With jesus's baptism, a new era of love, mercy, and forgiveness begins and continues until his second coming
Sunday, January 13th, 2019: The Baptism of Our Lord Jesus Christ
Where we must go, Jesus has already gone before us. Jesus leads “The Way.” And the way for us to enter into Jesus Christ is through the sacrament of baptism. Holy Mother Church teaches wisely that we must be baptized, be born again of water and the Holy Spirit. We must be baptized in Jesus Christ, in His baptism. Jesus Christ was baptized into His own death, which leads to eternal life. That’s why Jesus insists that John the Baptist baptize Him.

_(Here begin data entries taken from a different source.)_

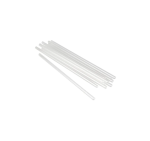 Slamke plastične l=240 mm d=8 mm prozirna 250 kom/pak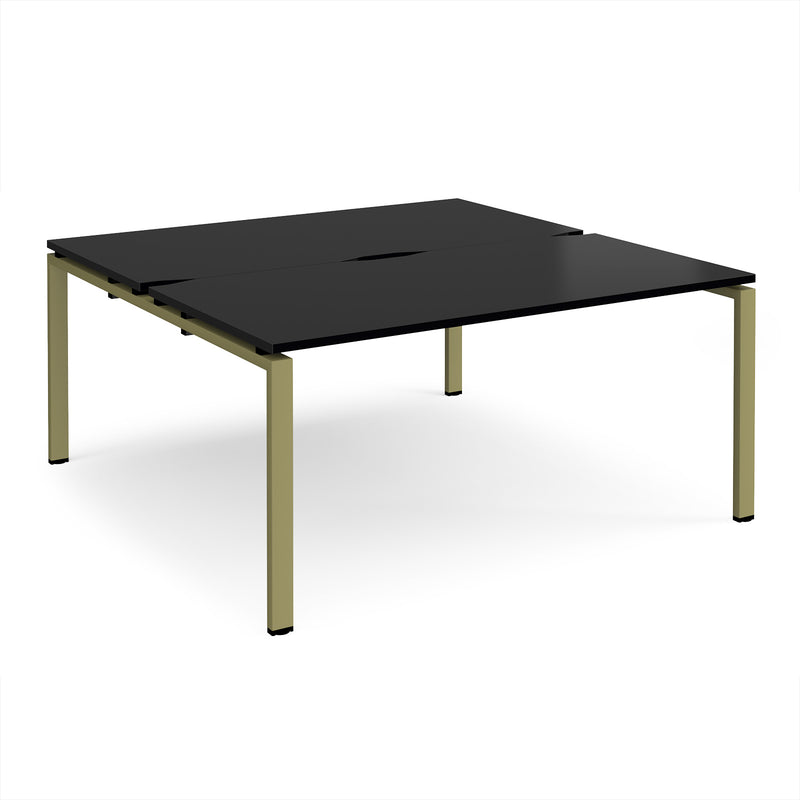 Adapt Back to Back Desks 800mm Deep - Black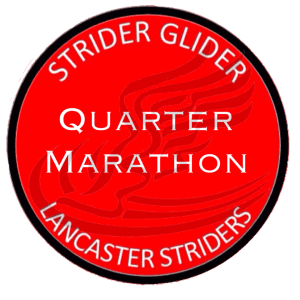 Strider Glider Quarter Marathon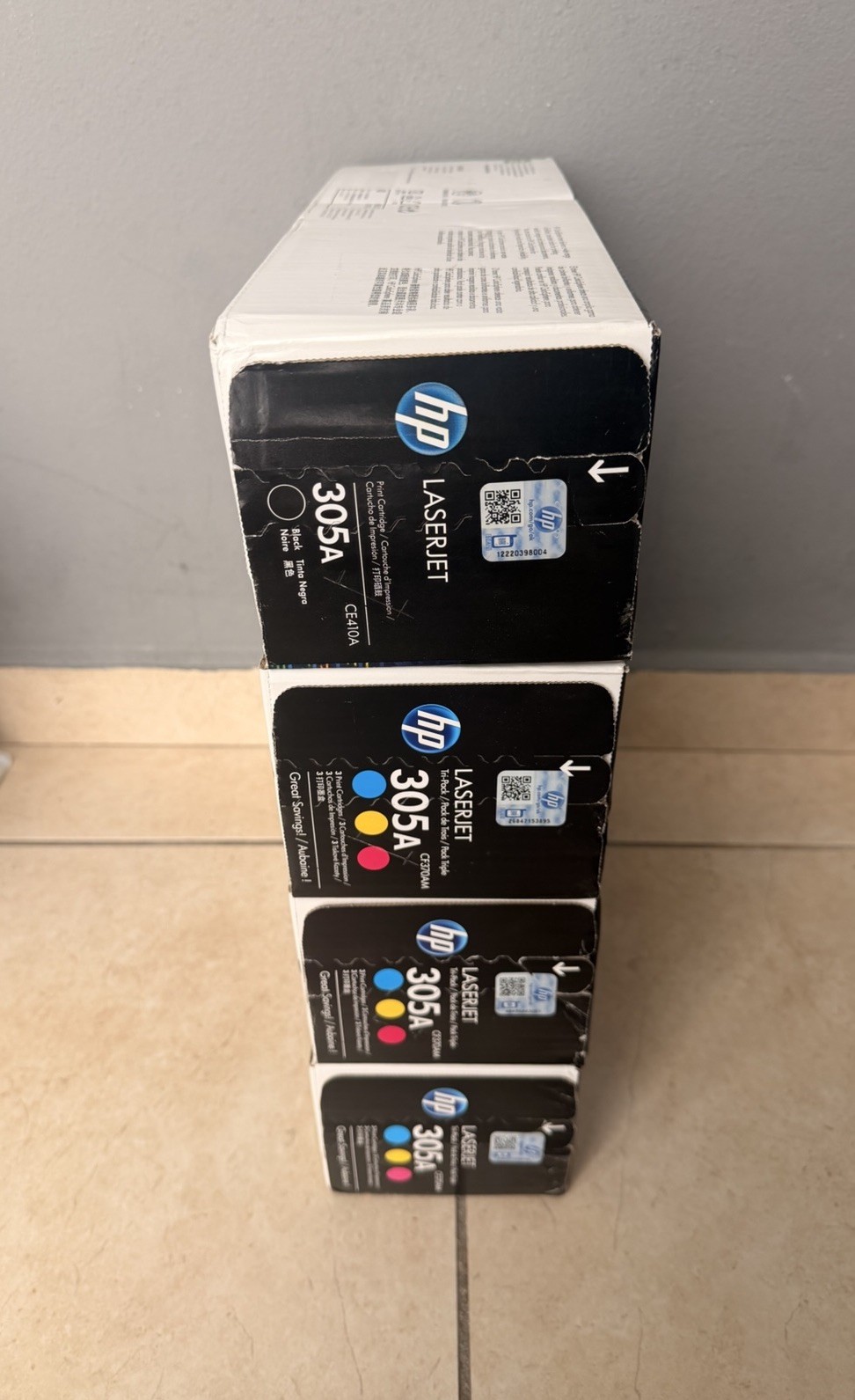 HP Genuine 305A Toner Set 4 CE410A-CE413A BK/C/Y/M for LaserJet Pro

John has a big message for those who think he might be the Christ, the anointed one. John says that “one mightier than I is coming”(Luke 3:16). John says his baptism is only in water. It is an outward sign signifying what the person inwardly must express. Jesus’s baptism will be definitive. It will be an act of God bringing salvation and judgement. St. Luke presents John baptizing Jesus last, after all of the people have been baptized. John’s mission climaxes here. Jesus receives the special anointing of the Holy Spirit as the Messiah in this baptism. Immediately, a new era begins. God opens the heavens and visits His people. This is the turning point in human history. God’s great salvation dawns at Jesus Christ’s birth and is achieved at Jesus’s death on the Cross. God gives a new revelation to His people. The Holy Spirit rests on Jesus to reside in Him bodily. The voice from heaven identifies Jesus as God’s Son and chosen one. Jesus is announced as the messianic king whose mission is humble self-sacrifice. God is good and lovingly kind and this is personified in His Own Son, Jesus Christ. If man gives himself totally to Jesus Christ, God will save him from eternal death. God will save him through the washing of regeneration in the waters of baptism. Christian baptism equals regeneration. Man is created anew. Baptism plants a new principal of supernatural life in man’s soul. Man begins to live on a new and higher plane. So in baptism, man is made into a new being. God in His mercy has brought about this change. No deed of man has any part in this new birth. God’s mercy alone saves us. In our rebirth, we have been pardoned and raised up to live a new and higher life. We are baptized into Christ’s death. In our sharing of Christ’s death and resurrection, God has enlivened us by putting a new and Holy Spirit in us, a Spirit which allows us to love and acknowledge God as “Abba”, “Father” and to walk blamelessly in our new lives. Our lives do not end in death. We have in God a hope for eternal life.
All of that happens in our baptism into Jesus Christ’s death and His resurrection. Our sinful selves are plunged into Christ’s death and our new selves rise in Christ’s resurrection.
Baptism is so essential that, in this church, infants and children are baptized. To not baptize a child would deny a child a priceless, essential grace of becoming a child of God. Read Acts 16:15 and verse 33. It does not say that children were baptized but it does say that the (whole) household had been baptized. That is a strong implication that children were baptized in the family household. Nowhere in the Bible does it say that one shall not baptize a child.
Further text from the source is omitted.